Scrapes will come in a variety of shapes and sizes
An example of a scrape
Scrapes will come in a variety of shapes and sizes

This year in April, a smaller area within these sites will be scraped back to bare sand. The shape and size of the scrape will depend on the site. Some scrapes will be a single large area, some will be long and thin, sinuous or have multiple mini scrapes within the area.

This Summer, we will also see the return of cattle grazing to the dunes. The cows will graze the densely vegetated areas well away from the beach and the busiest paths. They will feed mainly on purple moor grass and willow in the wet areas, but they will also trample through the heather and gorse and help keep our new sandy spaces open.

Arty cows like this one herald the arrival of real ones later this year
An art work representing the cattle which will soon be grazing the dunes at Studland
Arty cows like this one herald the arrival of real ones later this year

We have chosen Red Devon cattle, which have previously grazed National Trust sites in Purbeck, because we know that they are calm and docile creatures. You may spot a distant cow if you are walking through the dunes or along the Northern Boundary footpath.

If you do see the cattle, please do not approach or disturb them and keep your dogs at a safe distance. Taking all your litter home also keeps our cows safe and our dunes beautiful.  

Why does this need to happen?

Over the past 100 years, Studland’s sand dunes have become over-vegetated and have declined in biodiversity.

Climate change, air pollution and previous overprotective management have all accelerated plant growth and seen our sand dunes slowly turn into heathland and woodland.

In the 1930s about 30 per cent of Studland Bay was bare sand, now it is just two per cent.

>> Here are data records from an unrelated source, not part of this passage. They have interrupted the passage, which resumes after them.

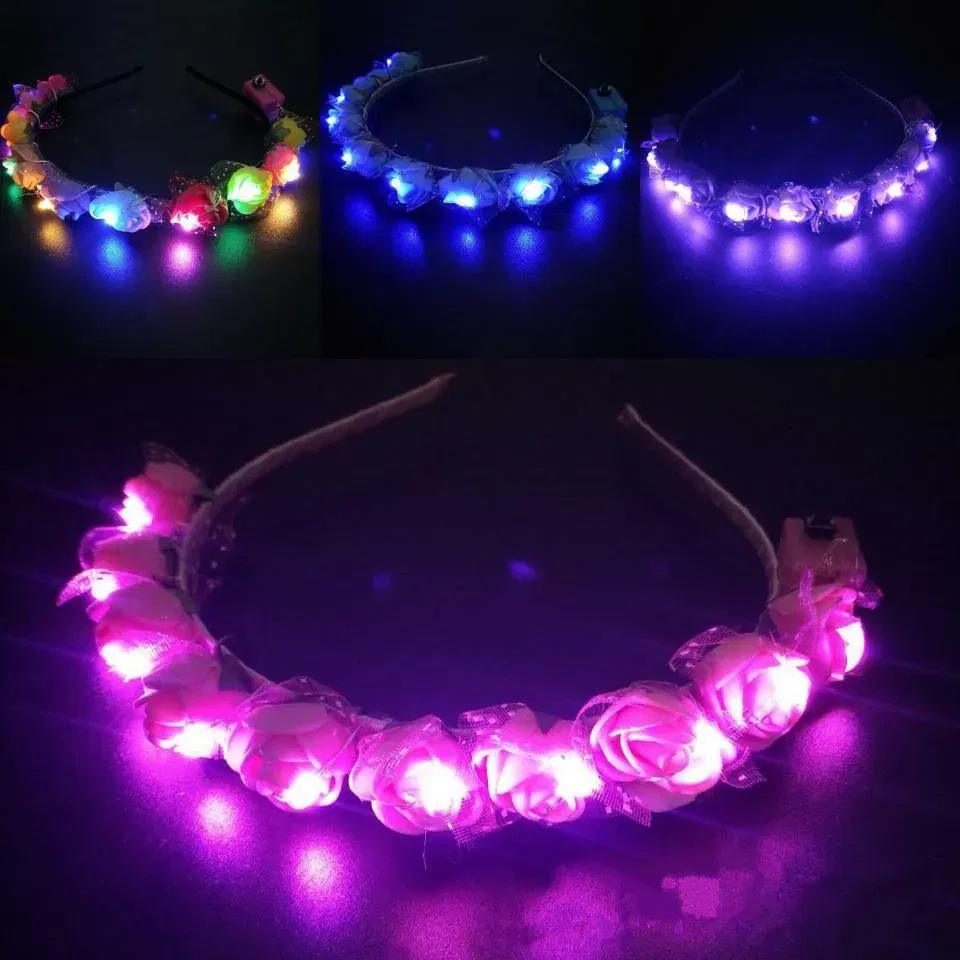 Color: GRAY - Luminous Rose Flower Headband LED Light up Wreath for Women Girl Bridal Wedding Party Hairband Christmas Valentine's Day Gifts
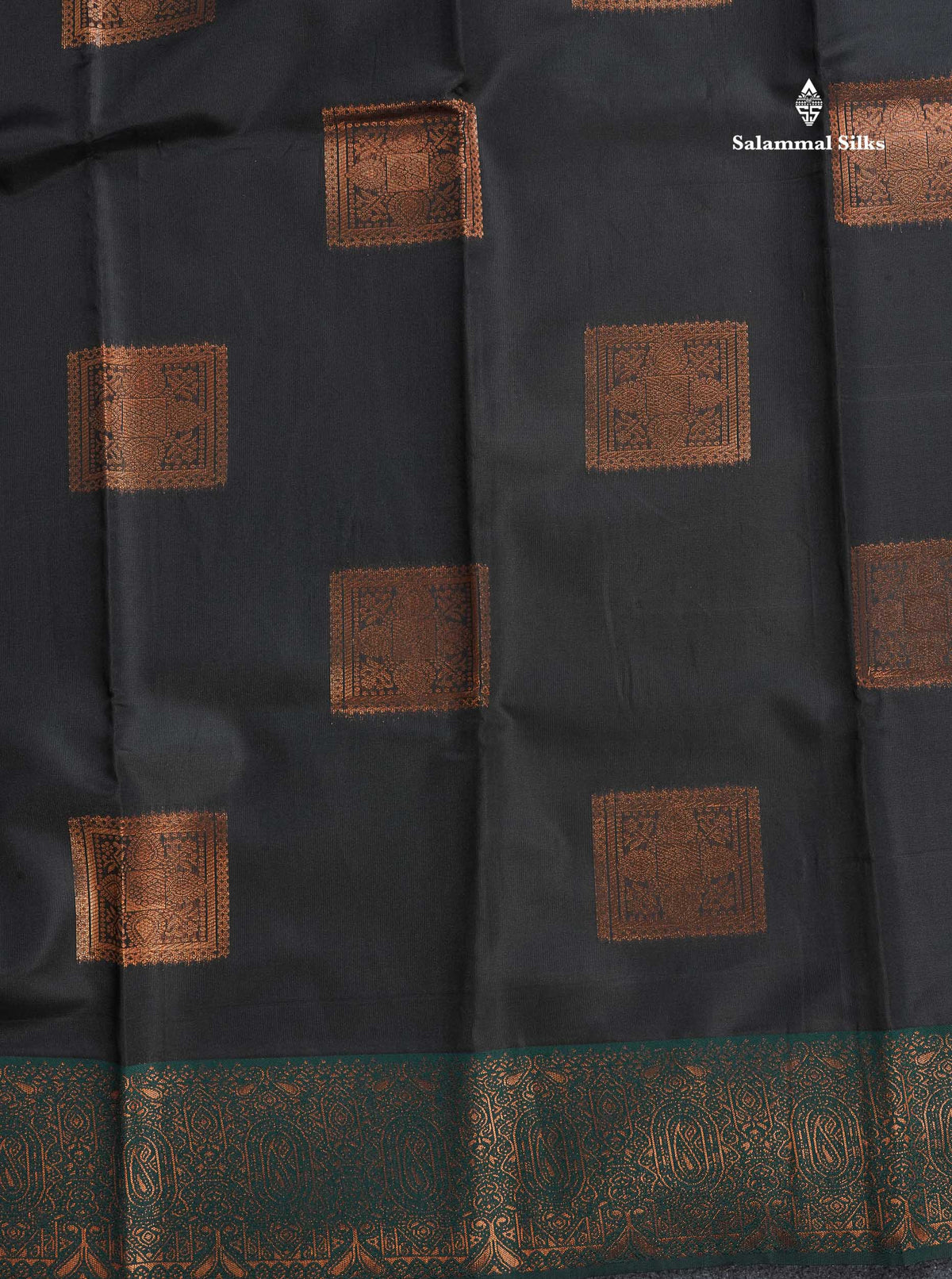 Semi Silk Saree - Black Colour Body With Contrast Bottle Green Border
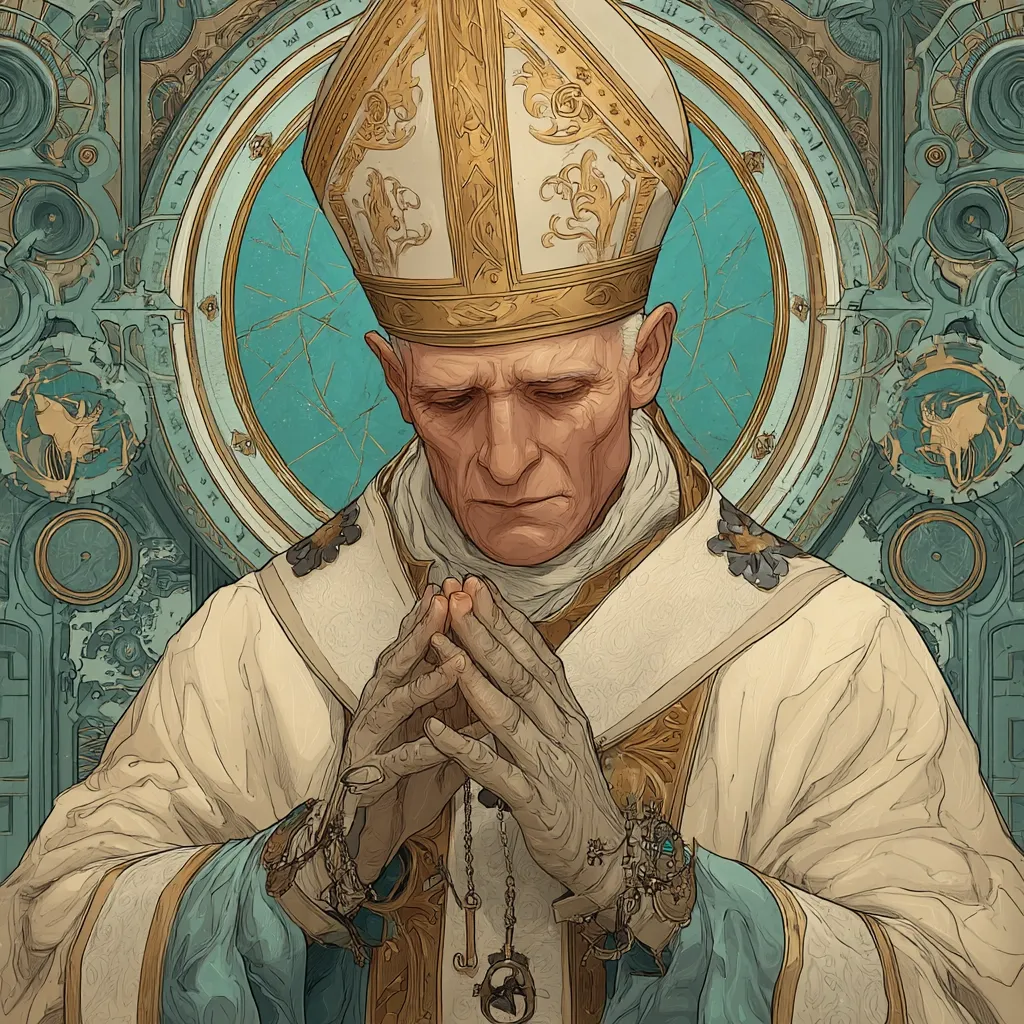 A detailed illustration depicts an elderly man, possibly a cardinal or pope, in prayer. He wears ornate, gold-trimmed vestments and a papal mitre. His hands are clasped in front of him, adorned with intricate jewelry. The background features a cracked, teal circular design within a complex, steampunk-inspired frame, suggesting a blend of religious and technological elements.  The overall style is reminiscent of Art Nouveau or fantasy art.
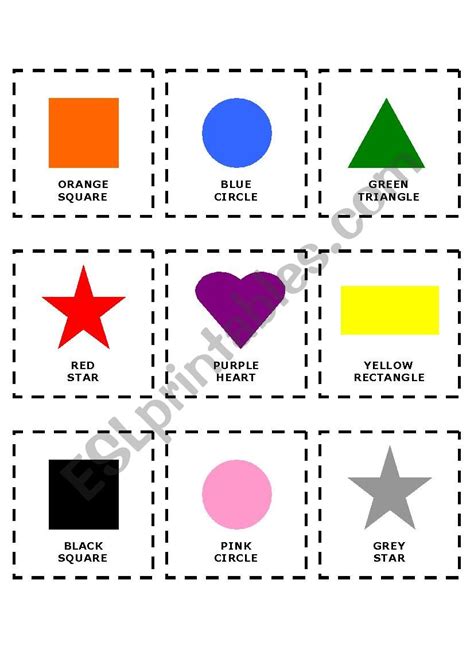 Memory Game: Colours and Shapes - ESL worksheet by Alusia13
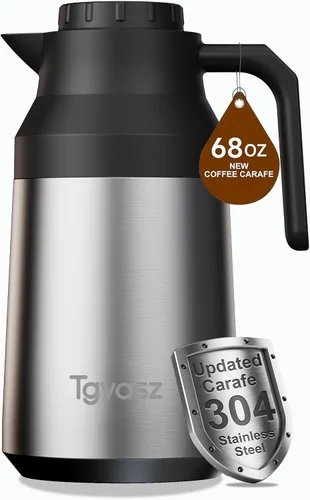 Vista 12 de 2 jarras térmicas de café de acero inoxidable aisladas para líquidos calientes, al vacío, jarra térmica, dispensador de jarra para mantener la leche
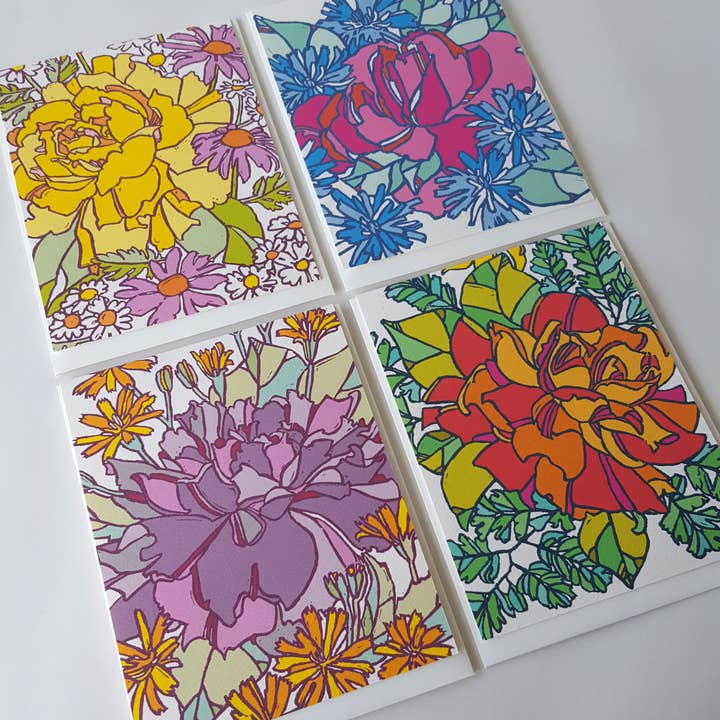 Assorted Botanical Rose Blank Note Card Set of 8 / Art Cards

The aim of Dynamic Dunescapes is to restore 15 per cent of the land back to bare sand.

Doing so will restore the mosaic landscape of our dunes and hopefully see an increase in rare wildlife that depends on sandy habitats. Species that will benefit from the project include sand lizards, meadow pipits and heath tiger beetles.

Sand lizards are just one of the species that rely on bare sandy habitats to survive
A sand lizard
Sand lizards are just one of the species that rely on bare sandy habitats to survive

To enable us to track these changes and ensure that the impact we are having is a positive one, a citizen science project is under way.

Come rain or shine, our citizen science volunteers are out recording data on the dunes. This year, we will be using the new Dynamic Dunescapes App to record data. A host of data will be recorded including dune profiling, species monitoring and quadrat surveys. 

Little Sea - a very special lake

Another big change happening is at Little Sea. This freshwater lake is very special indeed. It once supported all kinds of strange life due to the high acidity and nutrient poor, crystal-clear water.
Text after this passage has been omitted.